= Alaska Anthracite Railroad =

The Alaska Anthracite Railroad Company was formed about 1907 by several people to exploit the Bering River coal fields after the Alaska Syndicate that consisted of M. Guggenheim & Sons and J.P. Morgan & Co. left the area for the Copper River copper. It was after the 1907 winter storm destroyed their Copper River and Northwestern Railway (CR&NW) in the Katalla - Palm Point area and access to the Bering River coal fields.

The principles of the Alaska Anthracite Railroad Company were John A. Campbell, President; James Campbell, Vice-Pres. & Treasurer and Charles D. Davis, Secretary.

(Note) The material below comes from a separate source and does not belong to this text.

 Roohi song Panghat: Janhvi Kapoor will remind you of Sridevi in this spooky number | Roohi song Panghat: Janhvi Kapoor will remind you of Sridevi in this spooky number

The General Office was at 403 Coleman Building in Seattle, Washington. The Alaska office was in Katalla, Alaska.

In February 1908 Wesley P. Rodgers was asked by Clark Davis to come immediately to Seattle. Clark Davis was the father of Charles D. Davis and was one of the early driving forces behind this new group to develop the Bering River coal fields. Clark Davis needed Wes Rodgers to go as soon as possible to the coal field certify an earlier survey of one of the claims. The US Government had control of the area, and it was difficult to get claims established. It was not until about 1916 that the issues were resolved.

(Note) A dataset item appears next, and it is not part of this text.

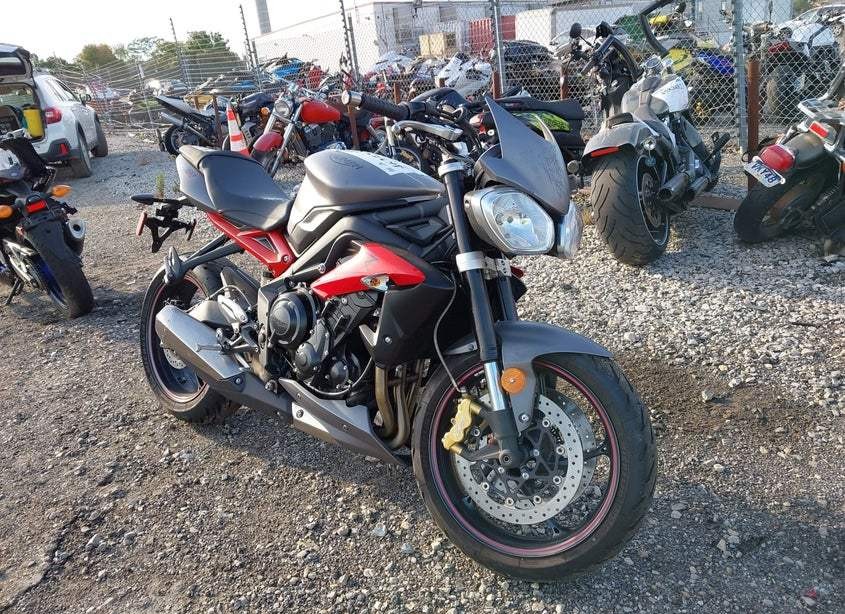 2016 Triumph street triple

It appears that in 1916 the Alaska Anthracite Railroad Company began building their railroad from the Controller Bay area to the coal fields about 20 miles to the north. The railroad actually began at a place called Goose City on the Bering River. There were plans to extend it south to Controller Bay, but it never happened. The construction of the railroad did not progress as expected, and Clark Davis, First VP and General Manager of the Coal Co., again asked Wes Rodgers to go to Alaska from Pennsylvania to finish its construction.

Rodgers had not seen the right of way for eleven years, which means its location survey was started about 1906. It very likely was done by him in 1906 as part of the Alaska Syndicate location work, and rejected in favor of the Katalla - Palm Point access. The Alaska Anthracite Railroad right of way was surveyed in 1906 all the way to Controller Bay; however, Rodgers started it at Goose City probably because of the 1907 winter storm destruction.

Rodgers was at Goose City in 1917 and stated that it was about 18 to 19 miles to the mines. Rodgers had 25 miles of railroad to build, ocean docks and terminals to construct. He also had a mine to open up and equip and to build a power house, machine shop, blacksmith shop, tramways and a camp suitable for the men. These facilities were located near Stillwater close to the mine. The modest facilities at Goose City were to support the loading dock. There was a plan to extend the railroad to Controller Bay, but it never was done. Rodgers maps show only a planned right of way.

Davis wanted all these facilities in operation by the end of the year. Rodgers wrote in July 1917 that it would not be long till the railroad would be built. Pile drivers were hammering their way through swamps and over streams, graders were at work, and a locomotive had arrived and would soon take its place in the construction effort. This engine may have been the 0-4-0 tank engine known as "Ole" from the Copper River and Northwestern Railway.

Rodgers believed that the company would pull through, but its existence had been precarious. They were working to get the coal to market by late 1917. However, interest in the coal fell off and with the lack of funds the company tried to reorganize in 1921 as the Alaska Coke & Coal Company. The railroad lasted until 1923 when it went into receivership.